In October 2016, the classic lineup of Dokken reunited to play the Loud Park festival in Japan. Fortunately for fans outside of Japan, cameras were there to capture the performance and now Frontiers Music Srl is set to issue “Return To The East Live 2016” on April 20. In addition to the Japanese performance, this set will feature footage from the classic lineup’s only U.S. show in September 2016 at Badlands in Sioux Falls, South Dakota.

Don recently told the “The Classic Metal Show” that he didn’t know “why it took a freaking year” to complete the DVD. He said: “We had almost two hours of just backstage, goofing around, on the train, going to Osaka, Nagoya, on the train, having fun backstage, screwing around. That took forever to edit. So on the new live DVD, there’s gonna a lot of bonus footage — a lot of just candid, messing around, having fun. ‘Cause, you know, George and Jeff hadn’t been in Dokken for over 20 years.”

As for the musical direction of the new song, Don said that it is “very Dokken-sounding” and “very classic ’80s” with “big harmonies. It’s just like ‘Paris Is Burning’ meets ‘In My Dreams’,” he said. The track is the first new song to be recorded by the classic Dokken lineup since the 1997 “Shadowlife” album.

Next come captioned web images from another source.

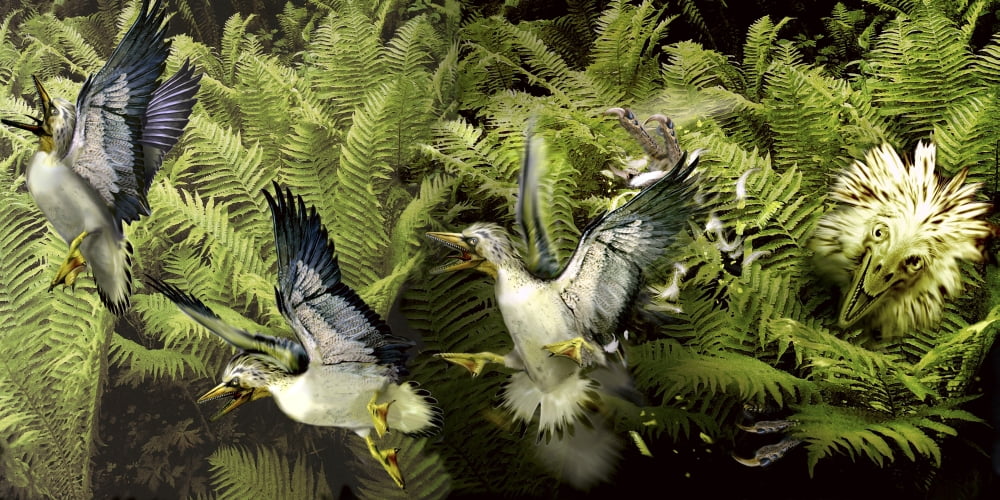 A group of Ichthyornis seabirds narrowly escape the claws of a troodon hiding in foliage Canvas Art - Jan SovakStocktrek Images (40 x 20)
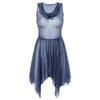 Women Glittery Draped Neck Sleeveless Dance Dress See Through Asymmetrical Hem Performance Gown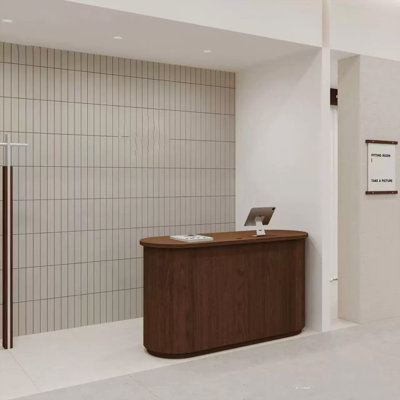 Bureau de réception contemporain en bois manufacturé ovale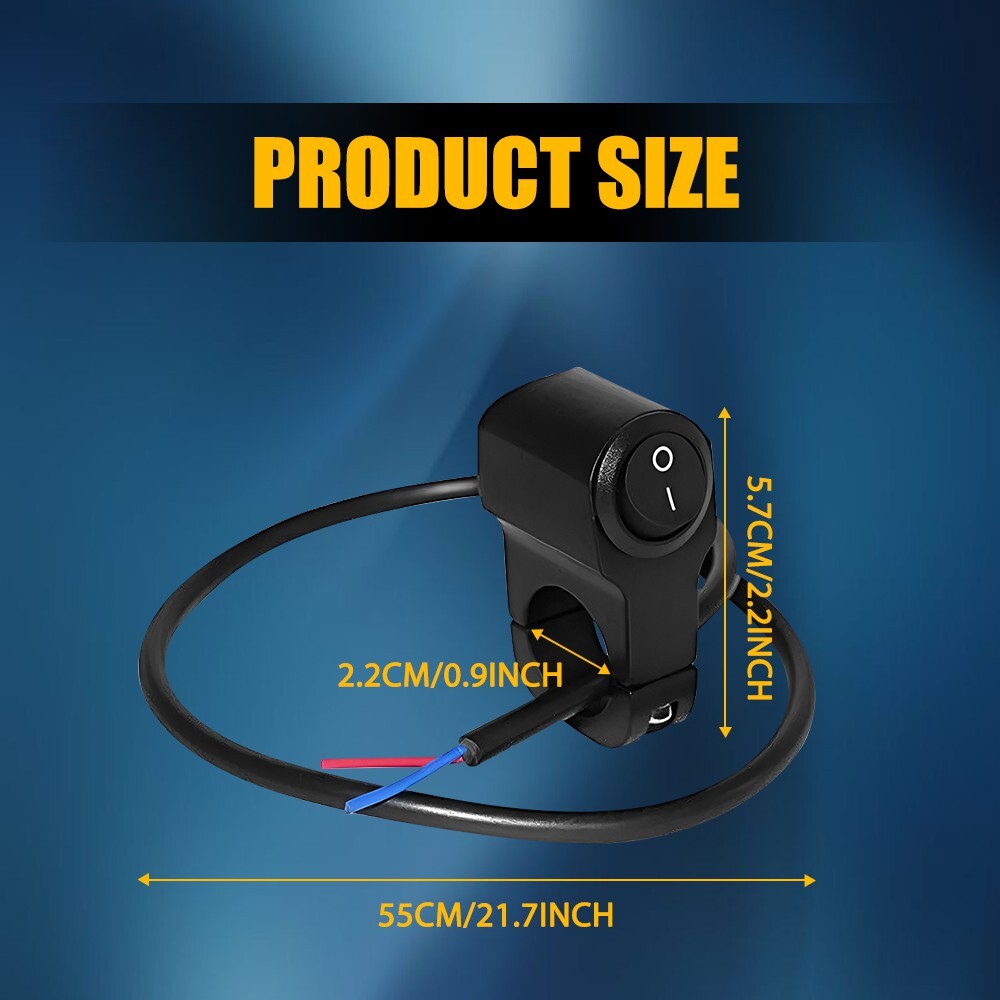 Motorcycle Handlebar 7/8" On Off Switch ATV Headlight Fog Spot Light Waterproof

Don also talked about his current relationship with George and Jeff, both of whom he had previously traded verbal barbs with in the press. “I would say that I had some trepidation [about playing with them again], obviously,” Dokken said. “We’ve been getting offers for years and years and years to do a reunion, quote-unquote, tour, and I said, ‘Guys, I’m not interested. Dokken, to me, is Chris McCarvill, ‘Wild’ Mick Brown and Jon Levin, who’s been in the band for 22 years. That’s Dokken.’ I don’t see why I need to go back in time and do this. What’s the point? If it’s just for money, they know how I feel about that. And there’s more to life than money. You can live in a mansion and drive a Ferrari and be miserable. And I said, ‘I’m not interested.’ So I had some trepidation. We only rehearsed with Jeff and George for three days when we did the South Dakota one show only in America, where we filmed. But they showed up, we rehearsed, went to Japan, we filmed the show, we did these huge arenas, sold out. And it was great. George and I shot the shit for hours and hours every day over sake and beer on the bullet trains and we talked about everything from politics to spirituality and it was all good. And Jeff is such an addict, he’s almost maybe worse than me when it comes to music. I mean, every day, Jeff’s on the bullet train looking at the footage from the night before and he’s looking at this, he’s looking at that. ‘Check this out. How about that? This is a good shot.’ He’s mixing the songs, he’s trying to figure out what’s the best takes. So it was a band effort. That was nice.”